* EXERCISE
Return nothing except the lines from the one that contains "WhatsApp Image 2024-08-28 at 15.46.16 (1)" through the end of the material below, each exactly as given.

* DATASET RECORDS
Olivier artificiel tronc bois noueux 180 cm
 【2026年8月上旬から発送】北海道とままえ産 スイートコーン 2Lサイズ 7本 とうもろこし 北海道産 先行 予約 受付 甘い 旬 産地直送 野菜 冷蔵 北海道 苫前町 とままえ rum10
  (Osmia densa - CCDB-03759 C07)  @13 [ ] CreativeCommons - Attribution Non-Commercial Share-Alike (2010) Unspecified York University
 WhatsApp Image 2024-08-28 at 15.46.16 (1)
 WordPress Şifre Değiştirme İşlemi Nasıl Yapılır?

* REPLY
 WhatsApp Image 2024-08-28 at 15.46.16 (1)
 WordPress Şifre Değiştirme İşlemi Nasıl Yapılır?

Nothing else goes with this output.